Akin, but not on point, is People v. Lemmons (1970), 384 Mich. 1, where apparently there was evidence only as to a completed armed robbery, the defendant claimed he was not present at the scene, and no request was made for instructions on included offenses. The Court overturned the conviction not because of failure to give such instructions but rather because the trial judge told the jury "there are no included offenses". The appellate court termed this an "improper" instruction because it affirmatively excluded included offenses from the consideration of the jury.

[7] CL 1948, § 750.92 (Stat Ann 1962 Rev § 28.287): "[A]nd in such attempt shall do any act toward the commission of such offense, but shall fail in the perpetration, or shall be intercepted or prevented in the execution of the same".

Neither intention nor preparation nor menaces nor planning is sufficient to constitute an attempt. "[T]he attempt is the direct movement towards the commission after the preparations are made. * * * Therefore, the act must reach far enough towards the accomplishment of the desired result to amount to the commencement of the consummation. * * * [H]is acts must be unequivocally referable to the commission of the specific crime." People v.
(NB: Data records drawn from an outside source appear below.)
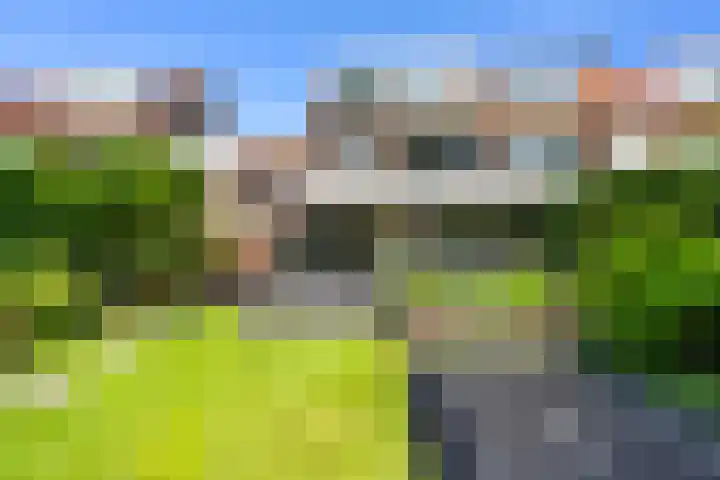 Burgemeester Le Fèvre de Montignylaan 220 Rotterdam thumbnail 33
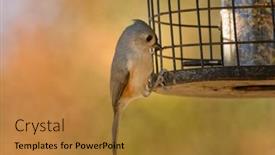  Presentation with birdfeeder - Presentation design with tufted-titmouse-getting-seeds background and a  colored foreground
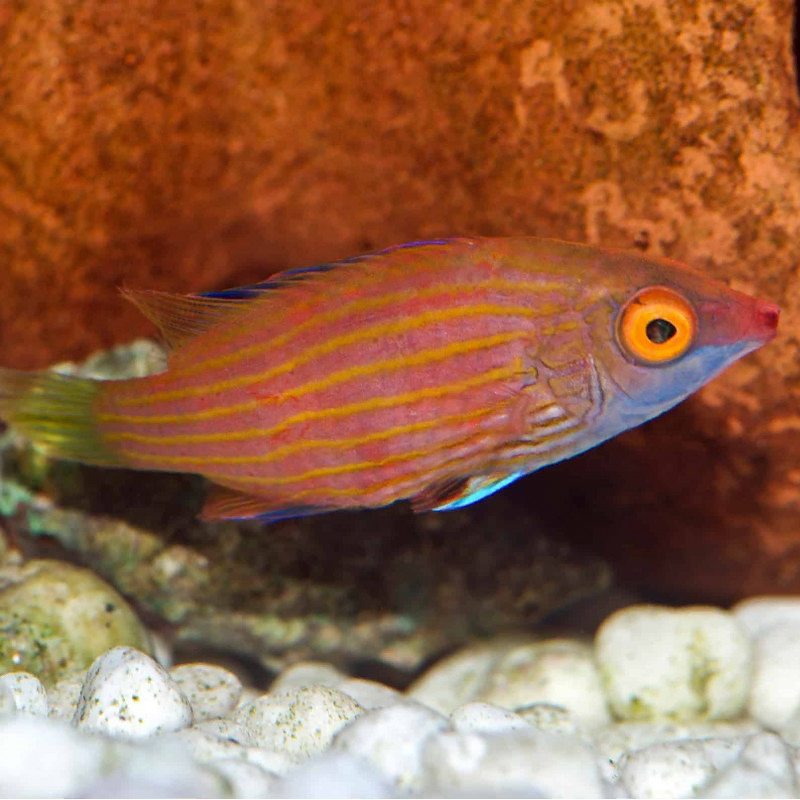 Pseudocheilinops Ataenia Pseudocheilinops Ataenia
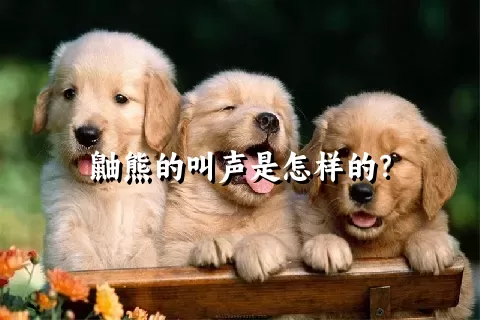 鼬熊的叫声是怎样的？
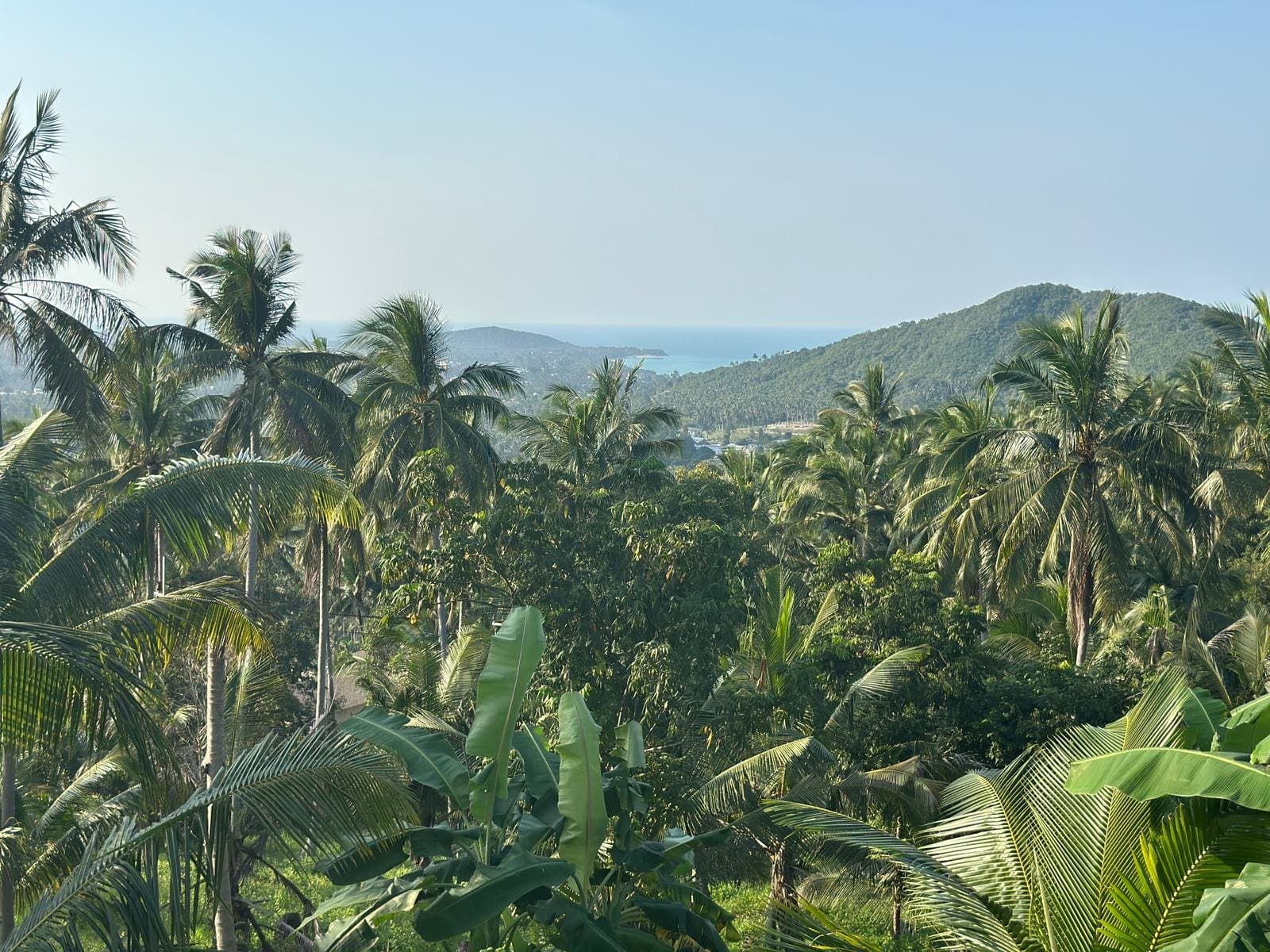 Beautiful 6 rai plot of land for rent at a special price of only 18,000 baht per rai per month. — Sea view from the upper edge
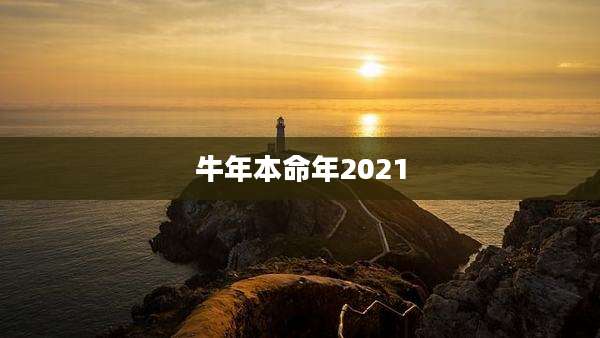 牛年本命年2021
Coleman (1957), 350 Mich. 268, 277, 278. See also People v. Bowen (1968), 10 Mich. App. 1.

Defendant's pointing of the pistol was a felonious assault. By adding the intent to rob and steal, evidenced by the declaration "This is a stick-up", the crime expanded to that here charged. Had the robber at that point made an overt, but abortive, act toward taking, he could have been charged with attempted armed robbery as well as with assault with intent to rob and steal, being armed.

[8] People v. Lombardo (1942), 301 Mich. 451, 453.

[9] People v. Ferguson (1965), 376 Mich. 90, 94, 95. People v. Childers (1969), 20 Mich. App. 639, 645-648.